She told me that she definitely would want the option open to her. I made it clear that it makes me uncomfortable. What should I do? Should I end our relationship?
You need to find another girlfriend. JMHO.
As it should. Your girlfriend is telling you that she believes she has a right to kill your child.
Move on and find a Catholic woman who shares your values and vision of family life.
You have to ask?
Yes, I would end the relationship.
End the relationship definitely.
Are you going to pick your girlfriend, or the possible future of your unborn child and God?
There really is no middle ground.
You’re prolife, and she’s prochoice. You are not on the same page on the key issues of God/faith and life.
You have to support and protect all human life from conception to natural death. Anything else is not of God. Whom shall you serve, God, the world, or the evil one? God does not give women the right to abort. Our bodies belong to God. It’s not yours to do with what you will. Unless your girlfriend believes that, I would move on. You have to be on the same page on this for happiness. Your house will be divided.

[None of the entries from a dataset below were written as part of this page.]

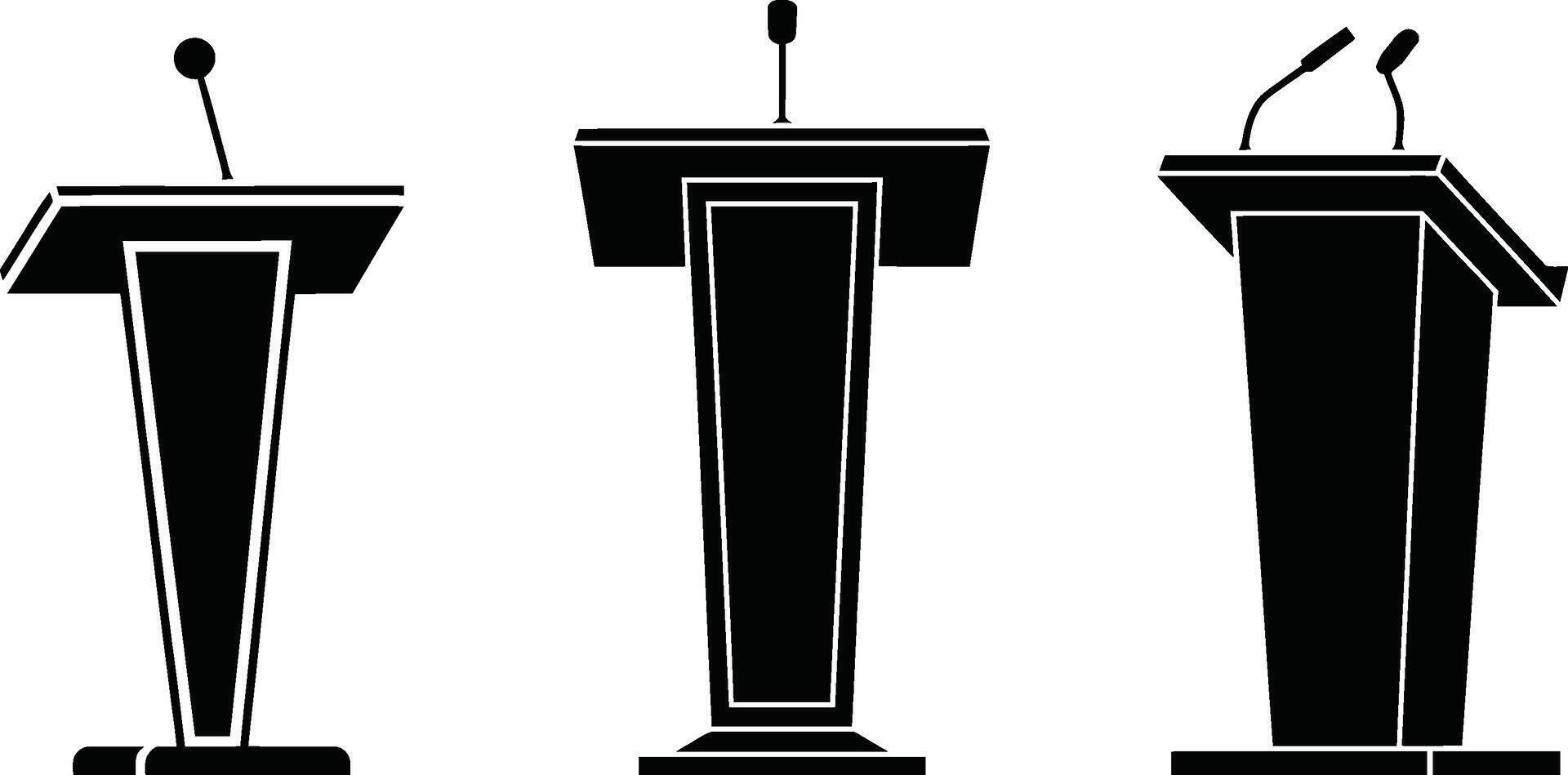 illustration set of speech podiums with microphones representing presentation conference and public speaking. vector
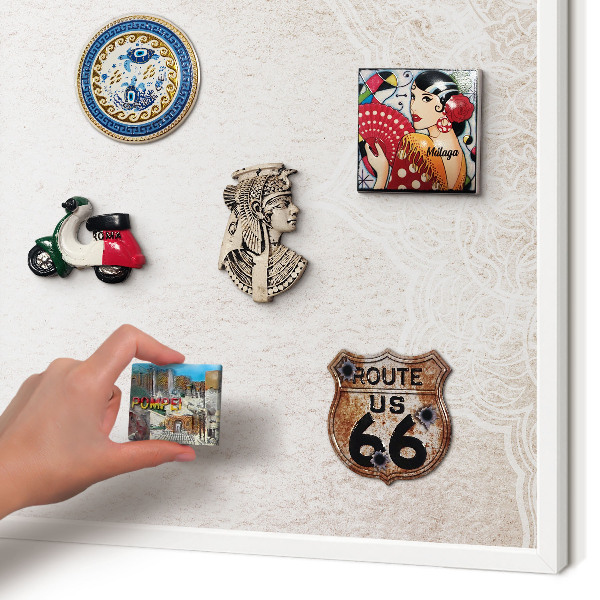 Magnetisch bord voor de muur met witte lijst Etnische patronen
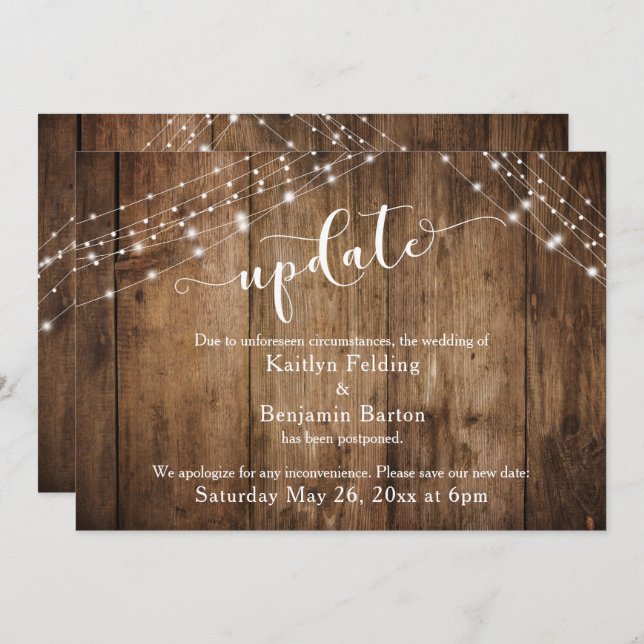 Postponed Wedding Update, Rustic Wood & Lights Invitation (Front/Back)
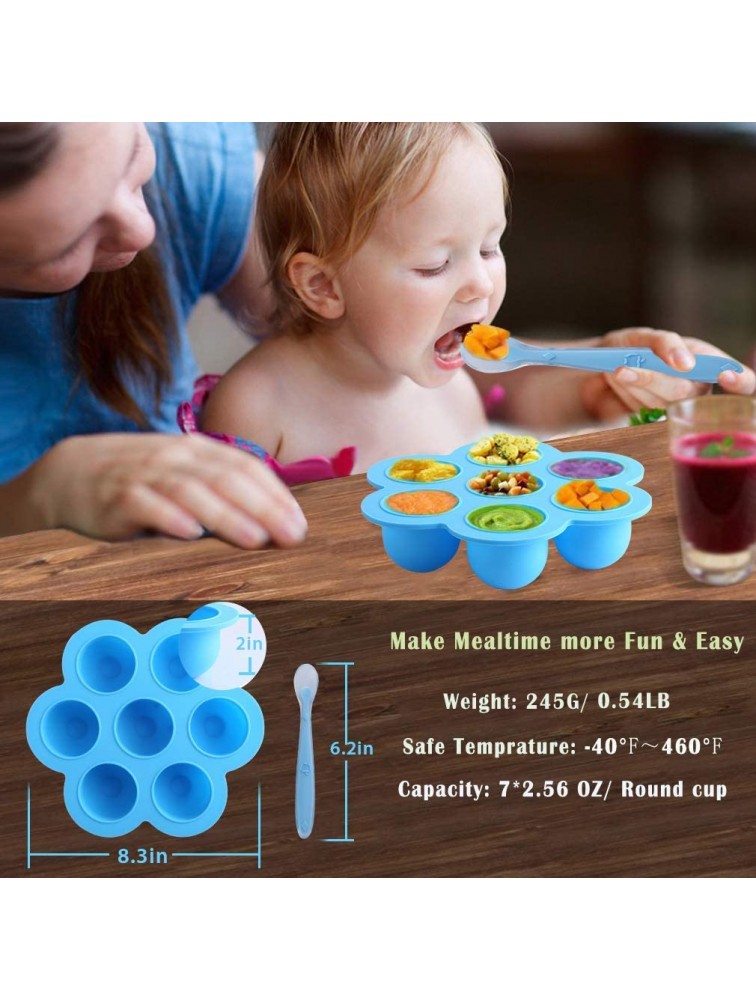 ROTTAY Silicone Egg Bites Molds and Steamer Rack Trivet with Heat Resistant Handles Fit Instant Pot Accessories 7pcs set for 6qt 8qt Electric Pressure Cooker With 2 Spoons and Silicone spatula - BASZOOYR5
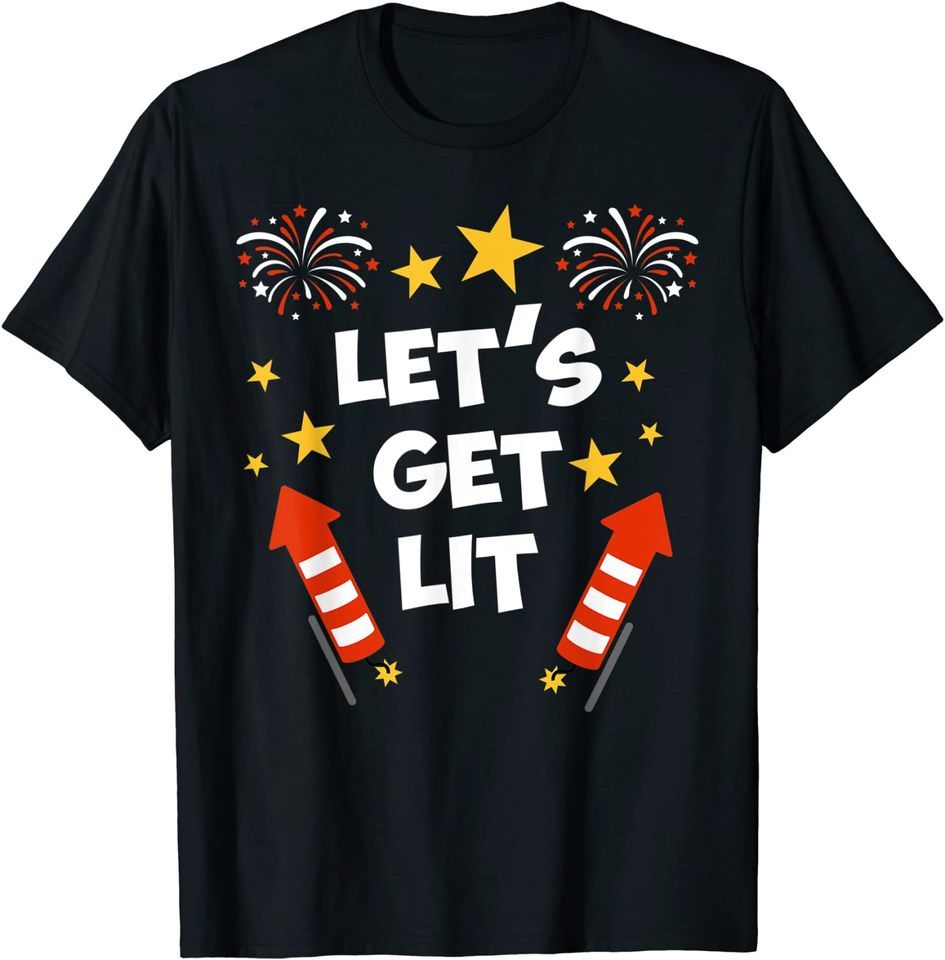 Let's Get Lit Fireworks T-Shirt Mens Womens Tees Top Funny Patriotic Fireworks T-Shirt Mens Womens Tees Top Classic T-Shirt Mens Womens Tees Top_viptrois.com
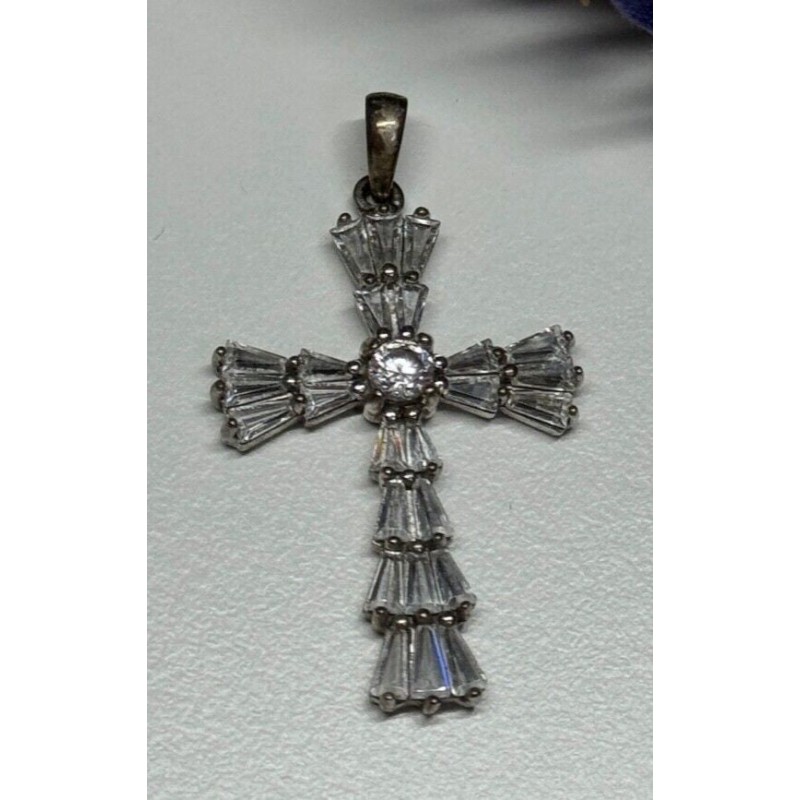 925 Sterling Silver CZ Cross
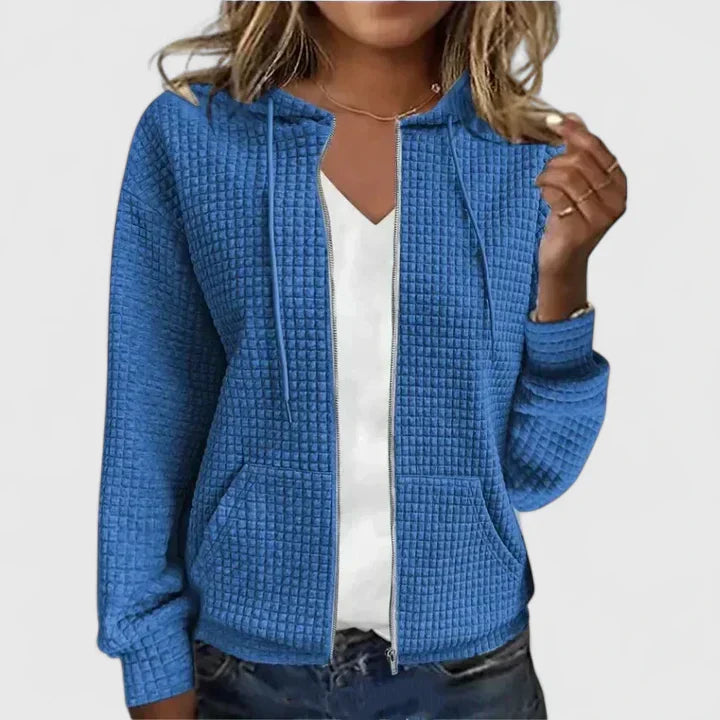Anna | Elegant Textured Zip Cardigan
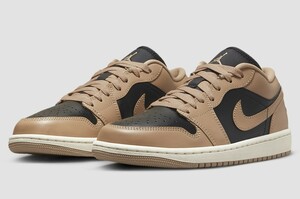 ナイキ 28.5cm US11.5 ウィメンズ エアジョーダン 1 ロー ブラウン ブラック NIKE WMNS AIR JORDAN 1 LOW 天然皮革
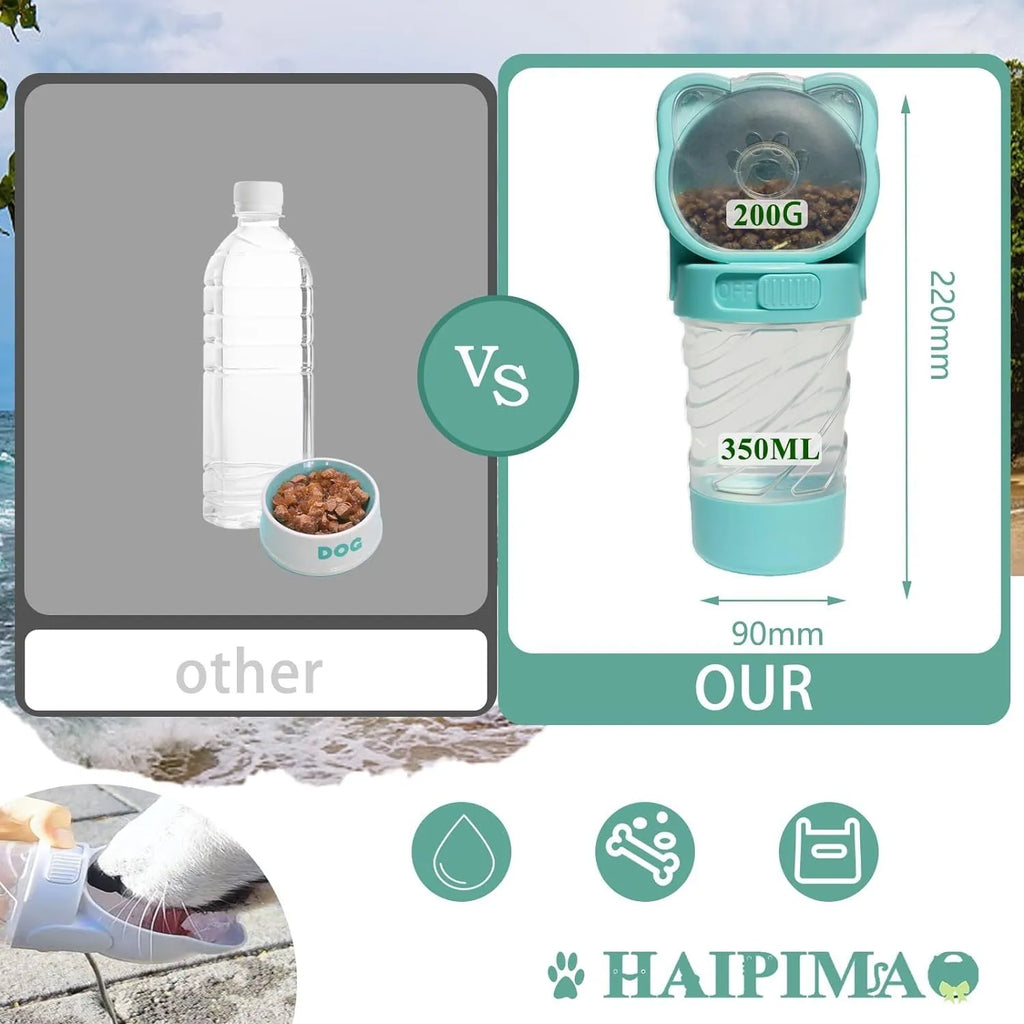 Green 3-in-1 pet water bottle with food container and waste bag dispenser for outdoor use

I would, you never know if one of your children may fall into that fate. And knowing what you know it would still be partly your responsibility. I could never love anyone that was willing to kill an unborn baby. How cruel is that??? God Bless, Memaw
Show her the catechism and other material explaining the churches position on abortion. Im guessing your girlfriend is Catholic. But also pray for her as well. Even though your thread is not a prayer request, I will say a prayer for those that favor or are contemplating abortion.
Is that really such a big issue to break up over her with? If she’s not in your face over it, then it might be fine.
Let’s put it this way: If you marry her and she gets pregnant but doesn’t want the baby for whatever reason, she has the (legal) “right” to kill your child. You, on the other hand, even as her husband and the baby’s father, do NOT have the (legal) “right” to save your child. At least that is what the law in the US says.
If I were you, I’d find someone who shares your same values on this issue.
There are Catholics out there who are strong in the faith and bring others into the fold and then there are others who are influenced too easily by others and are not as great at bringing the faith to others.
I think if you were the former, you probably wouldn’t be on here asking for advice.
The possible consequence of being with a woman who is pro-choice is her having an abortion of your child without your consent.
That’s not a situation I’d want to be in.
It’s not like you disagree what kind of ice cream you like.
I think you can do better.
She doesn’t even need to tell you she is doing it either. That is not love!!! God Bless, Memaw
If it’s not a big issue, then I sure don’t know what would be, You have to ask??? God Bless, Memaw
Could you ever have a valid marriage with someone who “want’s to keep that option open?” They couldn’t honestly answer “I will” to the question about accepting children from God.
@Memaw: Well, if I’m gonna be terribly blunt, I don’t really care about abortion. Is that such a bad thing?
It eliminates any purpose for concerns of any human right if there is no concern for human dignity.
At least you know where she stands. I don’t have statistics, but it seems that women who have had abortions rarely remain in a relationship with the father. There’s a secret shame they share, even if one or both think abortion is their right. It’s not conducive to a loving relationship. I applaud the two of you for having the conversation. Now you have to search your heart.